なあ、悠詩
ここは暖かい。
これまでの欧米が一気に過去のことになってしまう感覚だ。
お昼、ここにいる友人と、とてもお世話になった人に会った。
友人とは並行した分も含めると四社にわたる付き合いだった。
その一社目の会社で私を採用してくれた人だ。
もう七年も経つ。
自然と互いの立場など忘れさせてくれる人柄だ。
お世話になった人と出会ったのは日本だった。
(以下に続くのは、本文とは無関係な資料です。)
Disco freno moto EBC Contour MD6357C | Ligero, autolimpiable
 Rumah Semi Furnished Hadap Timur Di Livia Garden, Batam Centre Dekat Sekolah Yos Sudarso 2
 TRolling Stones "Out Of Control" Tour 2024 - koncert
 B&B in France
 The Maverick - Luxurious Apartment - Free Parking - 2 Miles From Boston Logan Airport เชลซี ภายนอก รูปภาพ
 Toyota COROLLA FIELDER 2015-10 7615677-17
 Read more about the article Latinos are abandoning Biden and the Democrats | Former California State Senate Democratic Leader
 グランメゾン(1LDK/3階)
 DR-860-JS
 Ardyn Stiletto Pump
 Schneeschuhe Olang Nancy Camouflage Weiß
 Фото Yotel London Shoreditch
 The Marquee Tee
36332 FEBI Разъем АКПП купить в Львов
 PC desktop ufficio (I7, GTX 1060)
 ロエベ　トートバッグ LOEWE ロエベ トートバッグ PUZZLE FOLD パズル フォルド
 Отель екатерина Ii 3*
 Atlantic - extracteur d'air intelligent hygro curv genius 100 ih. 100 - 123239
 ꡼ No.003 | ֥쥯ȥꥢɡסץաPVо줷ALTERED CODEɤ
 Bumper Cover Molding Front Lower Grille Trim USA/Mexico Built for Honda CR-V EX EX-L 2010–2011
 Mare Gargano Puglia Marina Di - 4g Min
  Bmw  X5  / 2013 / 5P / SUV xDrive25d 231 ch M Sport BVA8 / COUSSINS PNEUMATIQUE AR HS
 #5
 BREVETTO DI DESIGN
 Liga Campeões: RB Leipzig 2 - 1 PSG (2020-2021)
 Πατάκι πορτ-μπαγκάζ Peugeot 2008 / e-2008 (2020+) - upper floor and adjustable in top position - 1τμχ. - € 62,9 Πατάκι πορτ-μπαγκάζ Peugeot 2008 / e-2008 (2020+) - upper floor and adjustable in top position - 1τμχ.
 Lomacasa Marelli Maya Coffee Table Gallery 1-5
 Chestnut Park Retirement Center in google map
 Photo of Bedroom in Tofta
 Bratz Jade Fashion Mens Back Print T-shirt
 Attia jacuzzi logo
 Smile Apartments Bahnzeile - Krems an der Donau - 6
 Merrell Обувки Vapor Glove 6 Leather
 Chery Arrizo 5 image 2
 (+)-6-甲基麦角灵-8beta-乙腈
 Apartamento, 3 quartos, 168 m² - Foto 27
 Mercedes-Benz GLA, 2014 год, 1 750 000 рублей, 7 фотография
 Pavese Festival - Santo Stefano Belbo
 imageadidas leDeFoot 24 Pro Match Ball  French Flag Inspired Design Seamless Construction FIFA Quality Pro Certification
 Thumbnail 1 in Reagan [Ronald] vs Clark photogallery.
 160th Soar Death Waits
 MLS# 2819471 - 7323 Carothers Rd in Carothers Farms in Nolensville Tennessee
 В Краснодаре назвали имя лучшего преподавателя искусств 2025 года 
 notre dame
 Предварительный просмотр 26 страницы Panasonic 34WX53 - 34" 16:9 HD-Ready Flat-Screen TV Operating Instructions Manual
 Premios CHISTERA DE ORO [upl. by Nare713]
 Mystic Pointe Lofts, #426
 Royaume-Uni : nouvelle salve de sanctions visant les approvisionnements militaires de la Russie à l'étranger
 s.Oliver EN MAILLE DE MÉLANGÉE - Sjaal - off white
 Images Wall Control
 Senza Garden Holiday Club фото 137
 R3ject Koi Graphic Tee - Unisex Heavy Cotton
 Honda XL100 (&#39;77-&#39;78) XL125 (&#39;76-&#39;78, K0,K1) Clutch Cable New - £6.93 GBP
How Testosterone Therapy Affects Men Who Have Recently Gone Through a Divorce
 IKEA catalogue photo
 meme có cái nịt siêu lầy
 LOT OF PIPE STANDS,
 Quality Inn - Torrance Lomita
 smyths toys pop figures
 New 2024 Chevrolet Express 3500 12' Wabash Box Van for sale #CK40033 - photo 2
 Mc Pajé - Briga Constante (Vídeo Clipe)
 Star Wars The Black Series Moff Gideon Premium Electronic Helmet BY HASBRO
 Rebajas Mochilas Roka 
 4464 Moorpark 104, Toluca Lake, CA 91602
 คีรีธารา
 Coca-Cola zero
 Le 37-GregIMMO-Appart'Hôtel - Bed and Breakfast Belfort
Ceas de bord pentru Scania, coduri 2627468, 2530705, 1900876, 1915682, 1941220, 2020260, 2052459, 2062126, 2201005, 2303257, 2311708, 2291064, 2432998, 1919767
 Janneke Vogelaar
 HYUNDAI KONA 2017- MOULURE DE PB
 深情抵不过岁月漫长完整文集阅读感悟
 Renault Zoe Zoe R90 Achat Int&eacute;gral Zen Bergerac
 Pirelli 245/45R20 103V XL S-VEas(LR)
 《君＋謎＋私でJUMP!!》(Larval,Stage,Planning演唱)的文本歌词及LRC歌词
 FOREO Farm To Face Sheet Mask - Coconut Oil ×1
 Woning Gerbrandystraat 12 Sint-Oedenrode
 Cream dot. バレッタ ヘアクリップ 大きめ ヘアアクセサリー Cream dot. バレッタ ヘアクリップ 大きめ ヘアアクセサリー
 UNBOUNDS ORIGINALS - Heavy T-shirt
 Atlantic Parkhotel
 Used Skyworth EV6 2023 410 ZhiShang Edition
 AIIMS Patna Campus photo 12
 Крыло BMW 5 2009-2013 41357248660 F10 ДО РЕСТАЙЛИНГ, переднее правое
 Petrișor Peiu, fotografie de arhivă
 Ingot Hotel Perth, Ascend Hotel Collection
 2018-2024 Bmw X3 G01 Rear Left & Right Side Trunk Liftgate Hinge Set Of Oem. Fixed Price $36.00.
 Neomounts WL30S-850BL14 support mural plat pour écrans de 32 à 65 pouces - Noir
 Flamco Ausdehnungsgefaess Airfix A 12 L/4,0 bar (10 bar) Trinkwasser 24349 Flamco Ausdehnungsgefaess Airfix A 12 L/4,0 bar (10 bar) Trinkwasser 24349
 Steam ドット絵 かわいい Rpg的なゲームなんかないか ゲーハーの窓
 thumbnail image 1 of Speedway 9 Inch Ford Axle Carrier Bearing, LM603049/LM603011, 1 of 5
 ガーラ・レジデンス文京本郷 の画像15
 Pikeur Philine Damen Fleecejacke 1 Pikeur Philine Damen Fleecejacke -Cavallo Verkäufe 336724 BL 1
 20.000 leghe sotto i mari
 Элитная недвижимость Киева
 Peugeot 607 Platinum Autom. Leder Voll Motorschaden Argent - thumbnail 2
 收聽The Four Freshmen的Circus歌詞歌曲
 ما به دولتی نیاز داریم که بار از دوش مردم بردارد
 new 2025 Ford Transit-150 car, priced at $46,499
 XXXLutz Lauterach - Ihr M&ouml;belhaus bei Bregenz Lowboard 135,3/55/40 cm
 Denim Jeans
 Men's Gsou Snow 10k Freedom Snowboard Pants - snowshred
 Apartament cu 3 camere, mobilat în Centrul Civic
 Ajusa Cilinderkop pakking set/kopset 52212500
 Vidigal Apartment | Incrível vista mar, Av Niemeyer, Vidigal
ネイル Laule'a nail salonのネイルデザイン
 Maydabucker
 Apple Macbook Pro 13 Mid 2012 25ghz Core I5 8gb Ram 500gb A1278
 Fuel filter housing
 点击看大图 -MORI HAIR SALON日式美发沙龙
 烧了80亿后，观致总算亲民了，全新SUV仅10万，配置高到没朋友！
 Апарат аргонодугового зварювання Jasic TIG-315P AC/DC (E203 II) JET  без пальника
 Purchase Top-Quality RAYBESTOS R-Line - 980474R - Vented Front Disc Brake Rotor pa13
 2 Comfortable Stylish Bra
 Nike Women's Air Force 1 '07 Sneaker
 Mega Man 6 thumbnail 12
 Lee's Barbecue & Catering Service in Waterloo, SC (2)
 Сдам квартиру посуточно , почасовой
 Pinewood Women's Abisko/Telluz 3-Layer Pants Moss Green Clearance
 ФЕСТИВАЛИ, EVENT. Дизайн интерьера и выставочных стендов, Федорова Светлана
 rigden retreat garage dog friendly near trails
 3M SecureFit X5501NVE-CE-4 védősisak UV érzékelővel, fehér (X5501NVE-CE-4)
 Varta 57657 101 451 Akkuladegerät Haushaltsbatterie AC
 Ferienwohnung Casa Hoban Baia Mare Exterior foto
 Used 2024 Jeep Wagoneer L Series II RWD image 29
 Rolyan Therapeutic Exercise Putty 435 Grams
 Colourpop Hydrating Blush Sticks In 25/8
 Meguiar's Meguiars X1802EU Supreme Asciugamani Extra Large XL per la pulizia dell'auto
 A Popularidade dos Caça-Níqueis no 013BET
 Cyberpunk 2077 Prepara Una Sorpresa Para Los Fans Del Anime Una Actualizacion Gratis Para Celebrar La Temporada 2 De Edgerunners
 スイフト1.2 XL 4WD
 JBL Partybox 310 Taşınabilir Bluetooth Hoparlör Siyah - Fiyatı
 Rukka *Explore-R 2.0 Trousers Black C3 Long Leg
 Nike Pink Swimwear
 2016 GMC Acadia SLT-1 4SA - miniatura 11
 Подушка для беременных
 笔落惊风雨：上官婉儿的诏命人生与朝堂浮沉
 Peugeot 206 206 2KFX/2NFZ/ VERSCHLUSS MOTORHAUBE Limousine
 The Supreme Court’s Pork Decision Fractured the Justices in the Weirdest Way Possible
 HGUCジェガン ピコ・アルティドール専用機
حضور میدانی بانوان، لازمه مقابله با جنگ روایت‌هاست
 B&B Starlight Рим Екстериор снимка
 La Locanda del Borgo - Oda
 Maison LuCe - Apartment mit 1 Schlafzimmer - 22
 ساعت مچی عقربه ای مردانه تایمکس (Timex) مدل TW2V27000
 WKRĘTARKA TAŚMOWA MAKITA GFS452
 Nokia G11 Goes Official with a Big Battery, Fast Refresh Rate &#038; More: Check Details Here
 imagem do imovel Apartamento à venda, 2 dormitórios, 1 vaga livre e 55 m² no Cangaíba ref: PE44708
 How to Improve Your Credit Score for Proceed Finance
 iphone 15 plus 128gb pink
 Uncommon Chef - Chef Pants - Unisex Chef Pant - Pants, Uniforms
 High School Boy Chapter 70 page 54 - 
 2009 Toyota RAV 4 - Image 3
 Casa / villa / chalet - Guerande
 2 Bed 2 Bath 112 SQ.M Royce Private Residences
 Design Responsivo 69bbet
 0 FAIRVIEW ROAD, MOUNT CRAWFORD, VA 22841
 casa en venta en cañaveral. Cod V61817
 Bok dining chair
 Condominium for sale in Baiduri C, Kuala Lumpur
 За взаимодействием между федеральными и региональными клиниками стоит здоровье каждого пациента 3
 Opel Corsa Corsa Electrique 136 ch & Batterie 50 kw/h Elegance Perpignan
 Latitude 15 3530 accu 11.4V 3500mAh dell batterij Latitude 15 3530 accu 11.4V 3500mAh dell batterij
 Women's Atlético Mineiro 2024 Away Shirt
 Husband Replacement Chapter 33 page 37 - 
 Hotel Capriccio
五年前かな。
その時は思ってもみなかった。
後にここでタッグを組むことになることを。
そして、私はこの人がいなければここで何もできなかった。
当時、私は二つのことに携わっていた。
ひとつは日本、ひとつはここでのこと。
二つは関連はあったが、実質、完全に別々に動いていた。
単純に比較はできない。
ただ、こちらの方が私の未熟さの影響は大きかった。
それは、知識、経験、文化を踏まえれば明らかだ。
このふたりがいないと私はここに存在できなかった。
そして私がここで得たものはたくさんある。
だから、申し訳なさもあれば感謝もある。
複雑なだけに生々しく、安易に思い出にはできない。
ふたりとも大変だろうが元気そうでなによりだった。
時は確実に流れている。
ここでの日々が少しだけカラーからセピアになった気がする。
この日はホテルを移動する。
人の送り迎えは何度もしたことがあるが、泊まるのは初めて。
夕方まで部屋で物書きなどしてゆっくりする。
夜、買出しに出かける。
今日もまた屋台を食べ歩いた。
こんなに食が進むのは本当に久しぶりかも。
油断してお腹を壊さないようにしないといけない。
昨日に引き続き買った甘栗に虫が入っていたことだし、、、
様々な果物を飴で固めた串。
昨日食べたイチゴの串の方が良かった(また食べた)。
いろんな思いが頭を駆けめぐる。